En un mosaico de 48 pequeñas obras encontramos como gozne una misma actitud ante la pintura: un juego sensual y libre denotado por un trazo ancho y poderoso sin estar la pincelada cargada, sin crear empastes. La pintura de Lama ha pasado a ser vigorosamente pictoricista sin necesidad de la ostentación del material pictórico, no sólo no abusa de éste sino que la capa pictórica es mínima, tratando la tela como si fuera papel. En muchas de esas imágenes que conforma este mosaico percibimos una mirada, en muchos casos, susceptible de ser catalogada como cinematográfica (encuadres, fuera de campo). Paisajes, interiores o elementos naturales componen ese mundo que, como impresiones directas, traslada a las pequeñas telas que parecen hacer las veces de cuaderno de apuntes.

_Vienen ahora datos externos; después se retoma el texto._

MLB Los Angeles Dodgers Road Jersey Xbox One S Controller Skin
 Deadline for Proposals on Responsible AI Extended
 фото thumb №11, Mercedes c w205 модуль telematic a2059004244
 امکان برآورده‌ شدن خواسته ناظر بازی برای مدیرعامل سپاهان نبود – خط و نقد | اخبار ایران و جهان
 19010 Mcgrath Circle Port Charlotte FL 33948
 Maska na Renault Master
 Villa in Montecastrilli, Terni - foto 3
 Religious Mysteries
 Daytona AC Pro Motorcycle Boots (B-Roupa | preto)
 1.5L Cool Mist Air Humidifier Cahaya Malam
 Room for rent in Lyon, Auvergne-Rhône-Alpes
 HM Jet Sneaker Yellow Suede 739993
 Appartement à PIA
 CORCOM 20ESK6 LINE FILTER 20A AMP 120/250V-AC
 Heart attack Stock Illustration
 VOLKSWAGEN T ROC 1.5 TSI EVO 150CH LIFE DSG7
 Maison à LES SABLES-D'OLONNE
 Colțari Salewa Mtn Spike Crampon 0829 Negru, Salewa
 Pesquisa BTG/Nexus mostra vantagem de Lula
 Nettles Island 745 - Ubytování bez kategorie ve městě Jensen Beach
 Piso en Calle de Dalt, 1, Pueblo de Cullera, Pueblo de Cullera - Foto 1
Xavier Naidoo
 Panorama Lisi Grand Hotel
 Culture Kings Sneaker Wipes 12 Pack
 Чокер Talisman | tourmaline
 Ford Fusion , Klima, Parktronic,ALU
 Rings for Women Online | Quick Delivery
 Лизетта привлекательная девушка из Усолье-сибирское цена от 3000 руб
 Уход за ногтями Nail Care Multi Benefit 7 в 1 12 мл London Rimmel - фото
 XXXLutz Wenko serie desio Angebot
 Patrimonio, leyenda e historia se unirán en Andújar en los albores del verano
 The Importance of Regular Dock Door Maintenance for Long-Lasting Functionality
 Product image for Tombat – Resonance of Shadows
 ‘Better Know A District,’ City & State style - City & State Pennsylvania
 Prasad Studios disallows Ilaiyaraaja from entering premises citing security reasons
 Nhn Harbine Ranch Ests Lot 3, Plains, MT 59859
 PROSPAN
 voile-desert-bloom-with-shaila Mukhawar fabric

Cuatro de las piezas expuestas, Revuelta (2015) y las que toman como motivos unas palmeras (2014), marcan, sin embargo, un escenario que niega todas las virtudes comentadas. La sensualidad es puesta en riesgo por el protagonismo de una pincelada constituida como trama y urdimbre o como groseros pasos de color, tanto como una imaginería excesivamente grotesca. Por suerte son sólo cuatro. Y es que, ante el derroche de sensualidad de la pintura de Lama, ante una confortable sensación háptica o táctil, ante esa figuración cuasi-etérea, ante ese universo interior tan primario y sin contaminación y mediación libre plenamente, resuenan las palabras de Bores, uno de esos puntales de la Figuración lírica: «La pintura se saborea como una fruta; placer de los sentidos, ante todo. La paladeamos con los dedos. Su piel se identifica con la nuestra».